Network Analysis Technology

While a vast number of documents are accumulated daily in offices, many of them remain unorganized. This gives rise to the problem that documents sometimes cannot be obtained in a timely manner when they are needed, and it is often the case that the same documents must be prepared again because they cannot be found. Fuji Xerox has been conducting research to develop technology that will solve these problems by forming a network of the documents accumulated in an office based on how they are related and then analyzing this network to find useful information. This network analysis technology uses an algorithm that models the excellent ability of the brain to properly recall memories in response to a given situation or context.
Due to recent progress made in neuroscience, the mechanism of memory recall in the brain has been revealed in considerable detail.
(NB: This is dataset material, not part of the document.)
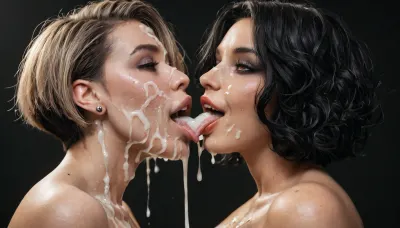 2 french gothic mature curvy women, embracing eachother, looking at eachother, short black bobcut hair, lesbian sex, passionate french kissing, tongue in mouth, excessive cum on face, smiling, cum dripping from face, cum on body, black room, black background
Fuji Xerox has also engaged in computational research to elucidate the neural mechanism of memory recall. The proposed algorithm has been formulated as inspired by the evidence obtained by these lines of fundamental scientific research.
"Memory" is categorized into "long-term memory (LTM)" and "short-term memory (STM)." LTM is stored in the brain as an associative network of ideas that have been acquired through various experiences from birth. STM, on the other hand, is a process to temporarily activate a group of ideas extracted from LTM in response to a given situation or context. The associative network of a group of ideas thus activated, which is a sub-graph of the LTM network, is referred to as a "community."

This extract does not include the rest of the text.